* **RECORDS PROVIDED**
· · · ·
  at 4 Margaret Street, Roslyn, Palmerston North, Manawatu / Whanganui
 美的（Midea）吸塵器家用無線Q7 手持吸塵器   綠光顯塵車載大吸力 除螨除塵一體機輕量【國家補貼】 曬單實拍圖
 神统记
· · · ·
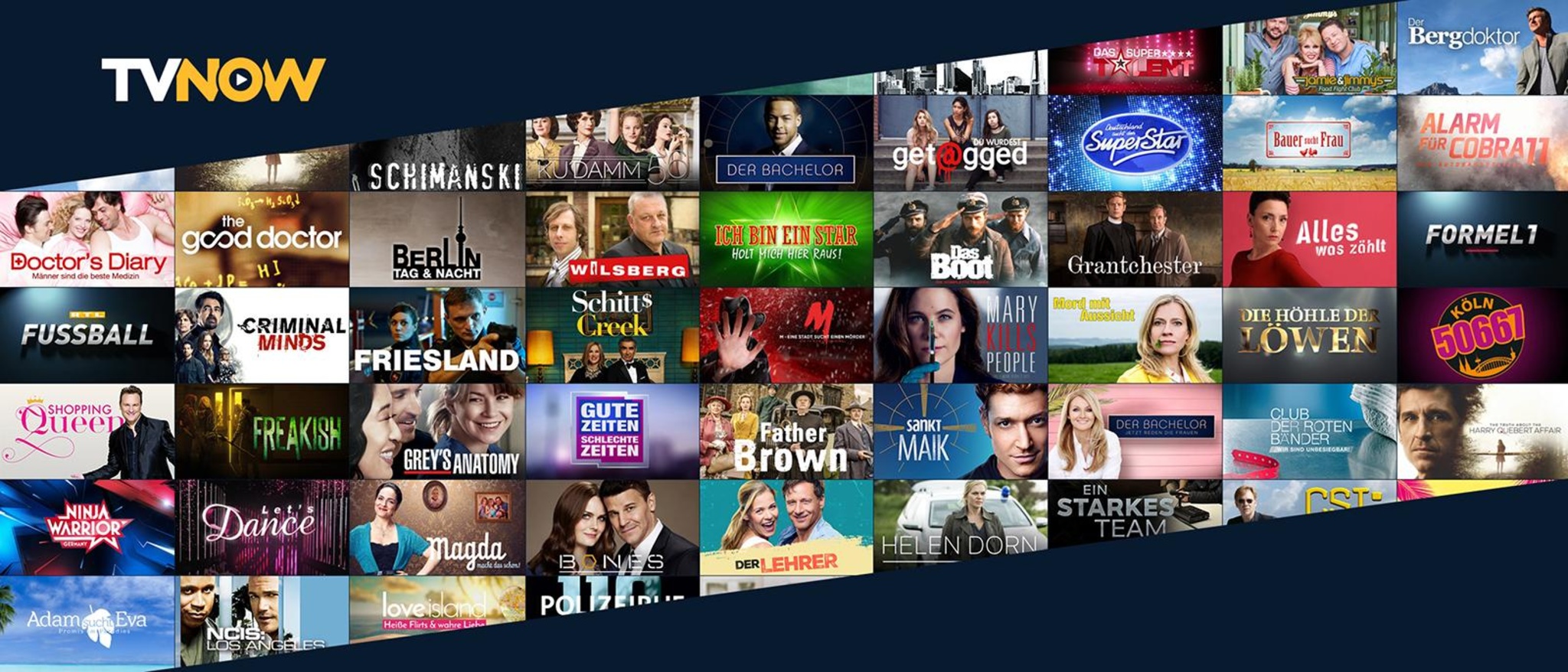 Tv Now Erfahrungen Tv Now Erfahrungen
· · · ·
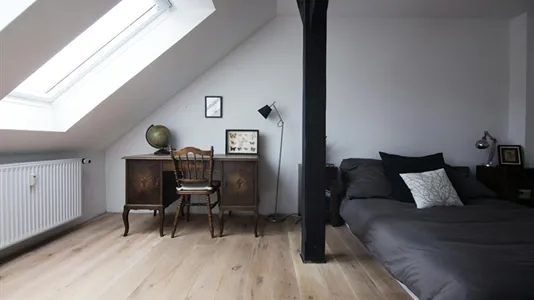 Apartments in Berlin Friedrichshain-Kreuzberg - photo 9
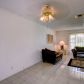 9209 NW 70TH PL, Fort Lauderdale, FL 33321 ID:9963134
· · · ·
Among the entries above, take the line with "Apartments in Berlin", the line with "9209 NW 70TH", and all the lines between them, and restate them word for word without pictures.

* **EXERCISE RESPONSE**
 Apartments in Berlin Friedrichshain-Kreuzberg - photo 9
 9209 NW 70TH PL, Fort Lauderdale, FL 33321 ID:9963134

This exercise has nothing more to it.